Green and growing

My story about being a Green politician in Canada, and why it was the best thing I ever did.

Thursday, December 08, 2005

Door to door canvassing

One of the Elections Canada requirements to be a candidate is that you have to get 100 voters in your riding to sign a list endorsing their belief that you should be on the ballot. They do not have to vote for you, they just have to believe in democracy enough to allow you on the ballot.

Since I live in one riding and work in another, I do not know 100 people in my home riding. My riding assoication friends have helped me out be getting signatures. We also did a little door-to-door canvassing. This was quite an experience. First, it is darn cold. Second, most people do not want to talk to politicians. After all, 40% of them don't even vote. Third, some people will not do anything to aid and abet a party which is not "their" party. Fourth, many people do not trust politicians, people who knock on their door, and especially, politicians who knock on their door. It takes about two hours to collect 15 signatures.

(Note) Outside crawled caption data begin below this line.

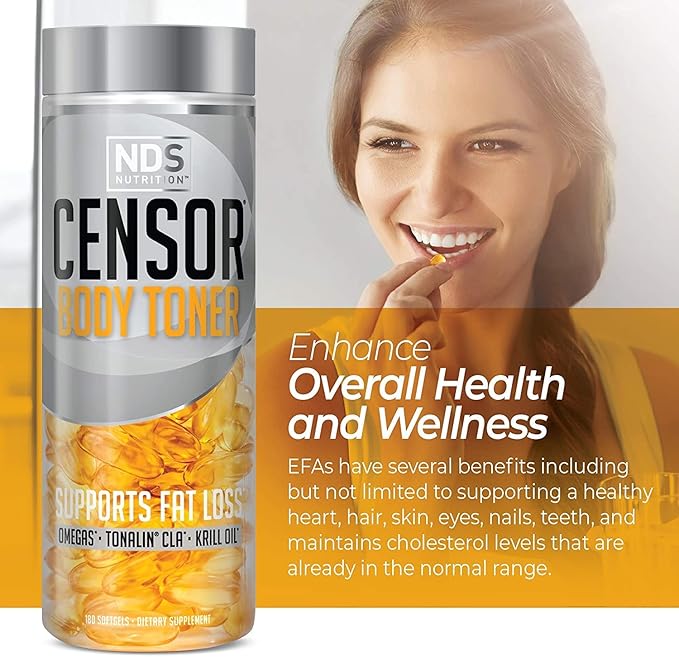 Censor NDS Nutrition Fat Loss and Body Toner with CLA Fish Oil Safflower and Omega 3-6-9 Blend - Dietary Supplement for Improved Energy Metabolism and Health - 180 Softgels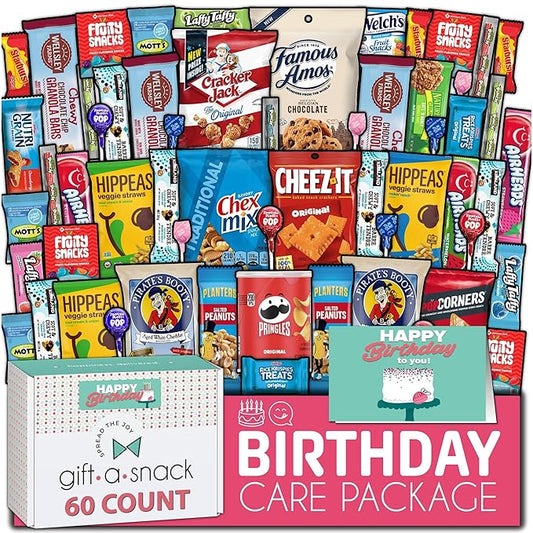 Gift A Snack - Happy Birthday Snack Box Variety Pack Care Package + Greeting Card (60 Count) Bday Sweet Treats Gift Basket, Candies Chips Crackers Bars - Cravy Food Assortments & Variety Gifts
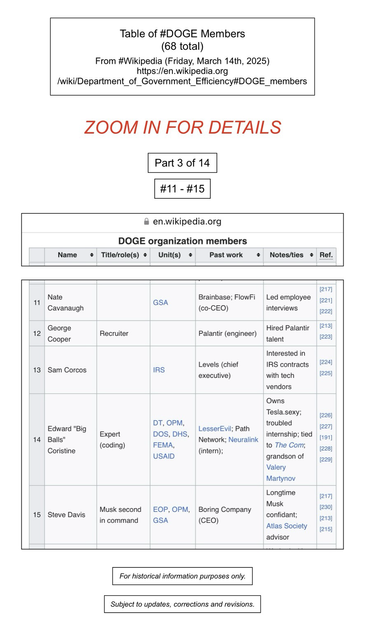 Screenshot of table of DOGE members (numbers eleven through fifteen, of sixty-eight) (from Wikipedia).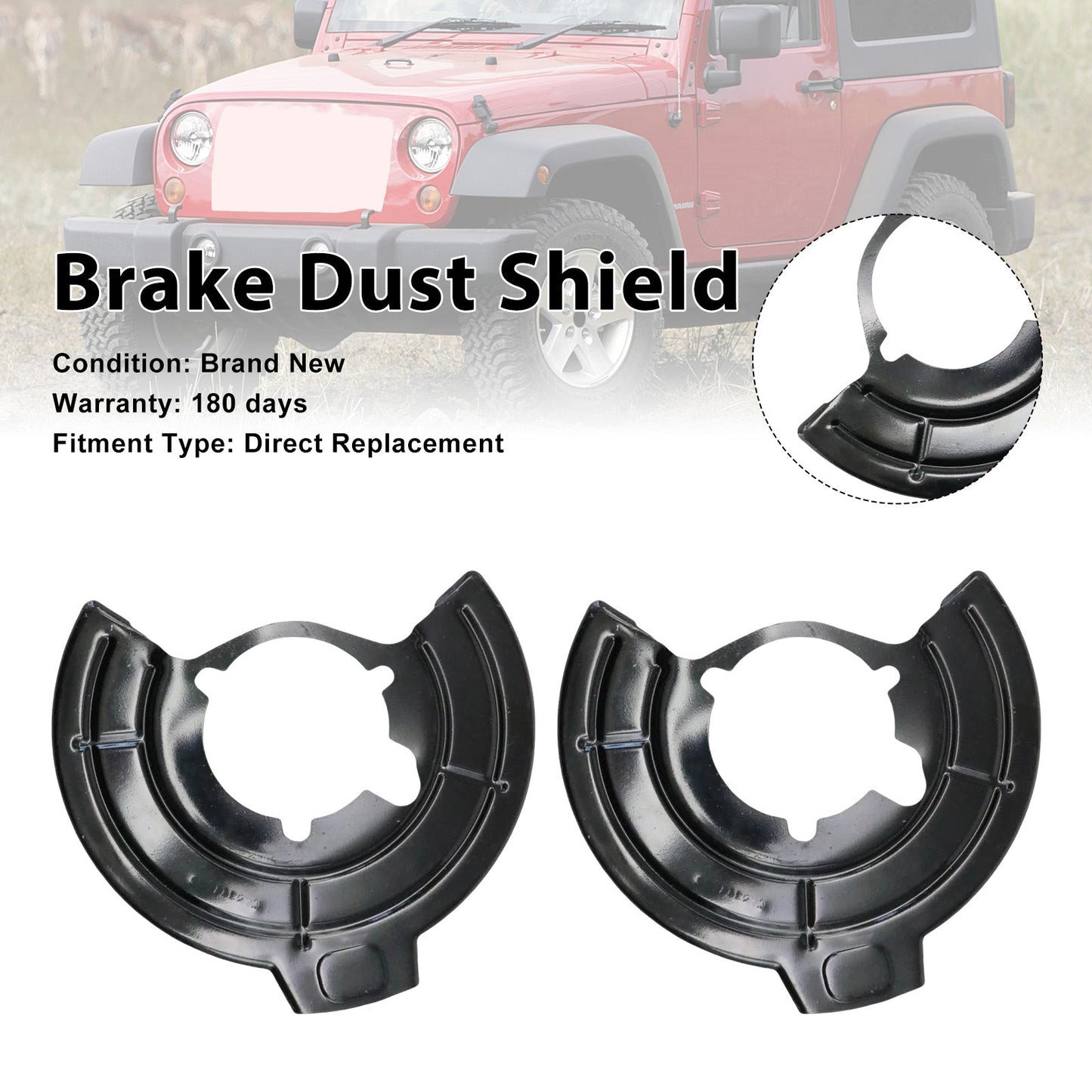 Left & Right Brake Dust Shield 68043286AB Fit Jeep Wrangler JK 2007-2018 Black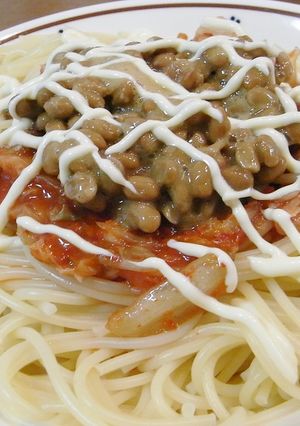 納豆キムチマヨパスタ-レシピのメイン写真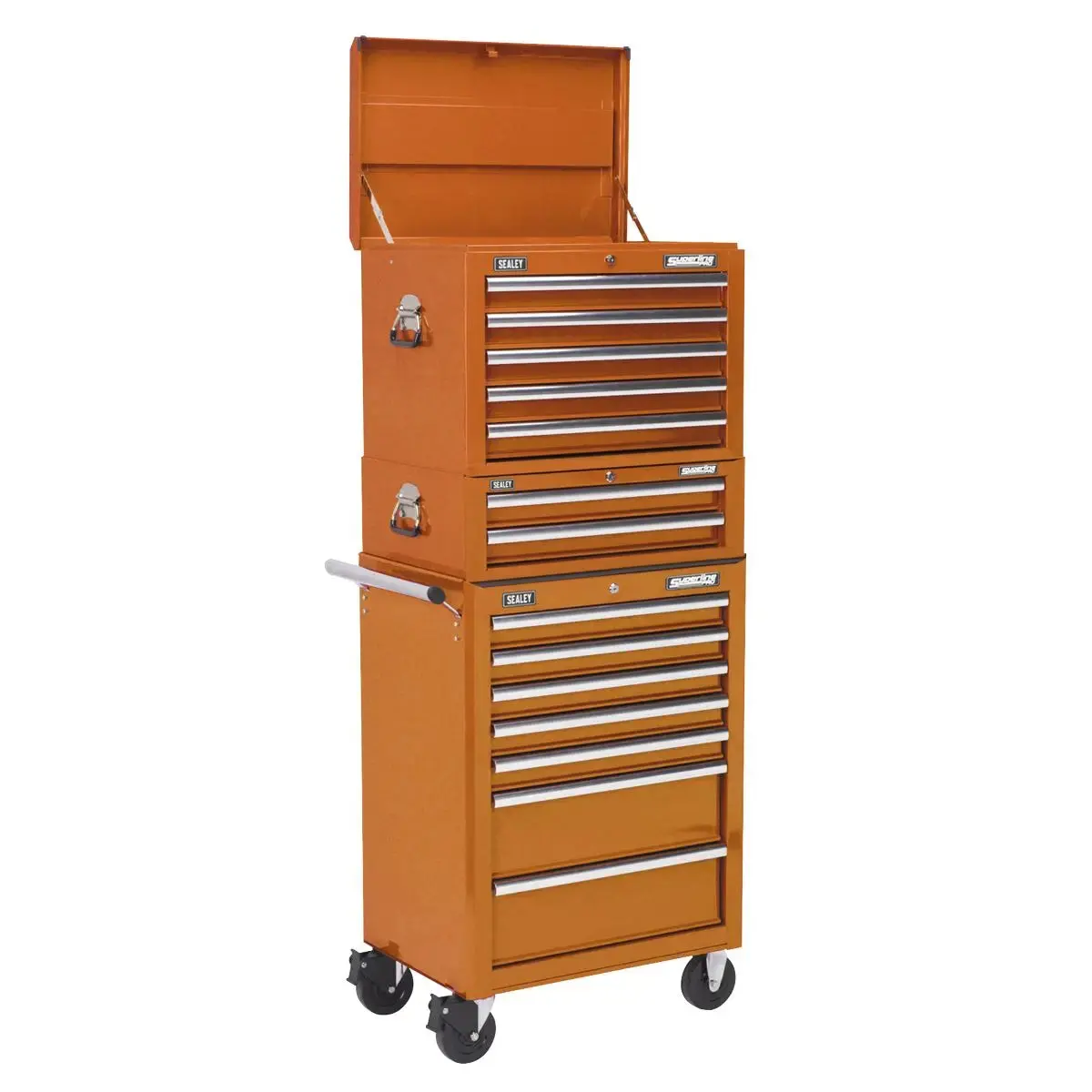 Sealey Superline Pro Topchest, Mid-Box Tool Chest & Rollcab Combination 14 Drawer With Ball-Bearing Slides - Orange 1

I don't understand why this ritual of signature collections exists. It definitely serves large parties, as they will have at least 100 members in their well-established riding associations. They can hand out the forms at one meeting, and have them handed back in a few days. What do these signatures mean, anyway? These people who signed don't know me. Some felt they were participating in a democratic process, and some just felt sorry for me. I was never asked for identification by anyone. I think the signature process is a barrier for new parties and new ideas.

If I'm a candidate endorsed by a political party and the party got 1800 votes in this riding in the last election, what further purpose is served by this activity?

I have to admit that I became angry at people who didn't want to sign. It's no skin off their noses. After I had cooled down a bit, my friend Norm reminded me that the political system has made people that way .. the system disenfranchises them, alienates them, insults them. It says, vote for someone, who then goes to Ottawa and does whatever they want (or whatever their party leader wants). Even if you vote for someone who wins, they get one out of 308 seats in the Parliament. And most people vote for someone who "loses". Isn't that sad? In my riding, 60% of the votes were cast for someone other than the MP. Who speaks for them? No wonder they don't want to talk to politicians.

I think it is incumbent on politicians to act in such a way as to restore voter faith in the political process. Central to that objective is the need for electoral reform. Please get out and vote for the people who will make it happen.